_Directions for this task_
Copying task for the records below: reproduce each one exactly and drop the pictures.

_The data_
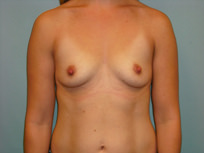 Breast Augmentation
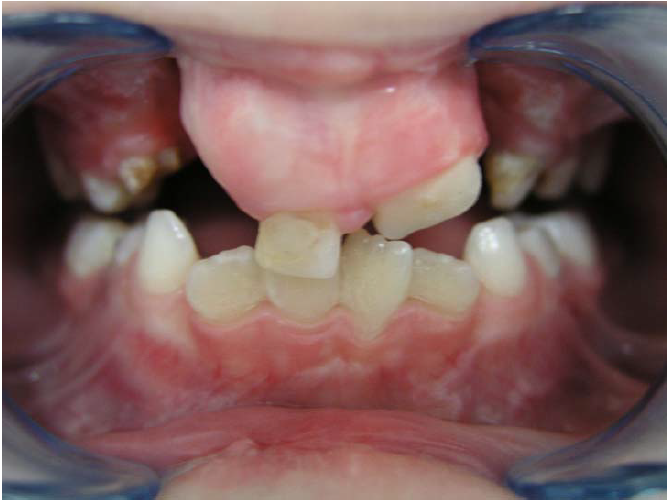 kahepoolse lõhega lapse hambumus
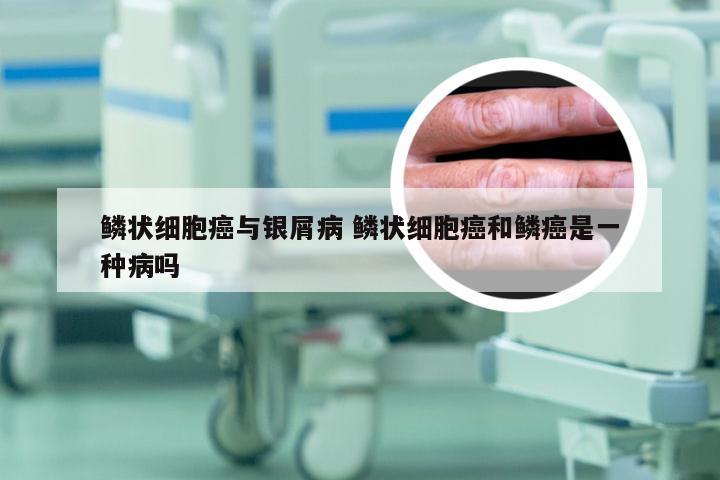 鳞状细胞癌与银屑病 鳞状细胞癌和鳞癌是一种病吗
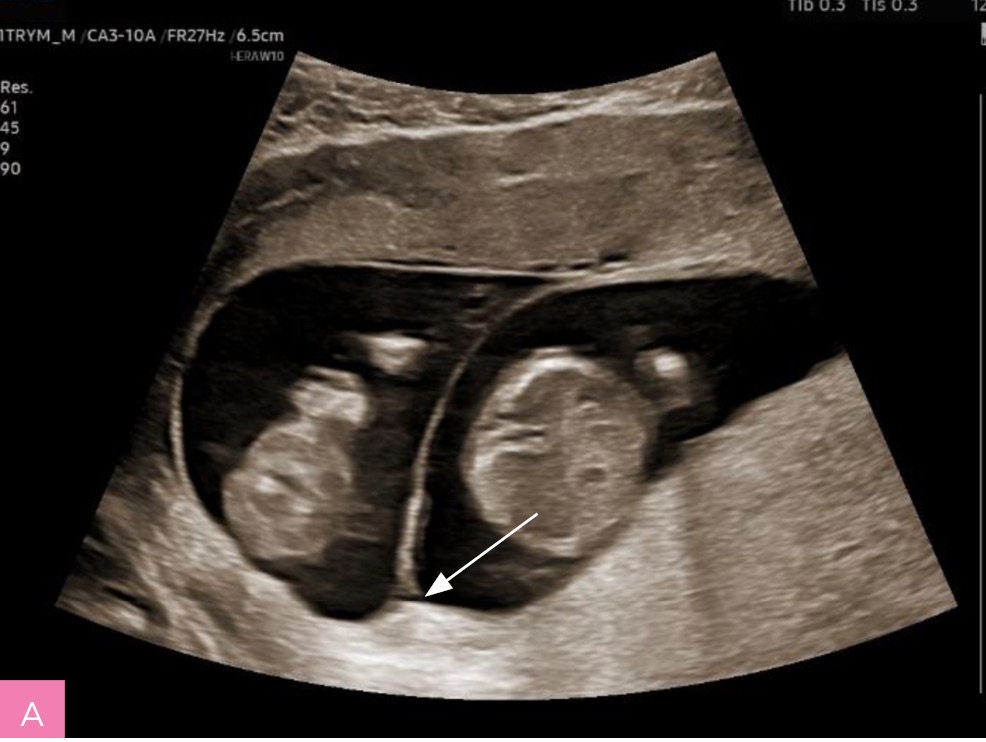 Rycina 1A, B. Badanie ultrasonograficzne wykonane w I trymestrze ciąży. A. Ciąża bliźniacza dwukosmówkowa dwuowodniowa, płody są oddzielone grubą warstwą 2 błon kosmówki i 2 błon owodni (objaw λ). B. Ciąża bliźniacza jednokosmówkowa dwuowodniowa, płody są oddzielone tylko 2 cienkimi warstwami owodniowymi (objaw τ)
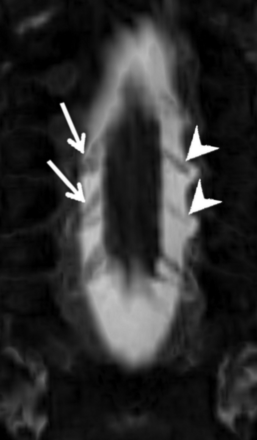 Fig 4.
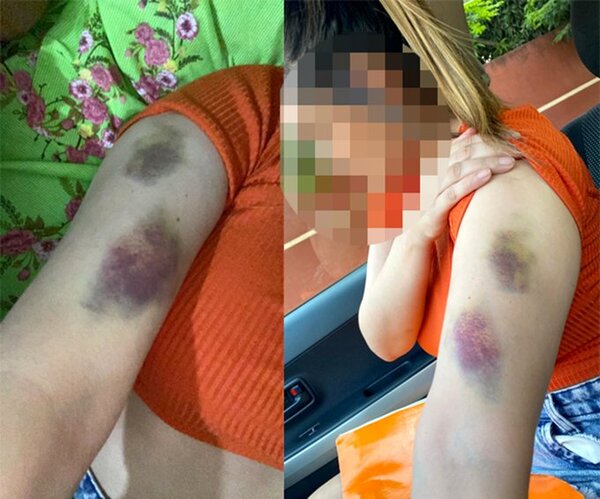 Agente policial golpeó a su expareja por negarse a mantener relaciones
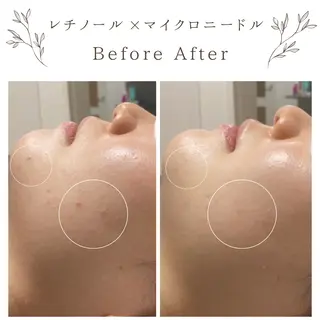 な ぎのエステ・リラクイメージ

_Result of the exercise_
 Breast Augmentation
 kahepoolse lõhega lapse hambumus
 鳞状细胞癌与银屑病 鳞状细胞癌和鳞癌是一种病吗
 Rycina 1A, B. Badanie ultrasonograficzne wykonane w I trymestrze ciąży. A. Ciąża bliźniacza dwukosmówkowa dwuowodniowa, płody są oddzielone grubą warstwą 2 błon kosmówki i 2 błon owodni (objaw λ). B. Ciąża bliźniacza jednokosmówkowa dwuowodniowa, płody są oddzielone tylko 2 cienkimi warstwami owodniowymi (objaw τ)
 Fig 4.
 Agente policial golpeó a su expareja por negarse a mantener relaciones
 な ぎのエステ・リラクイメージ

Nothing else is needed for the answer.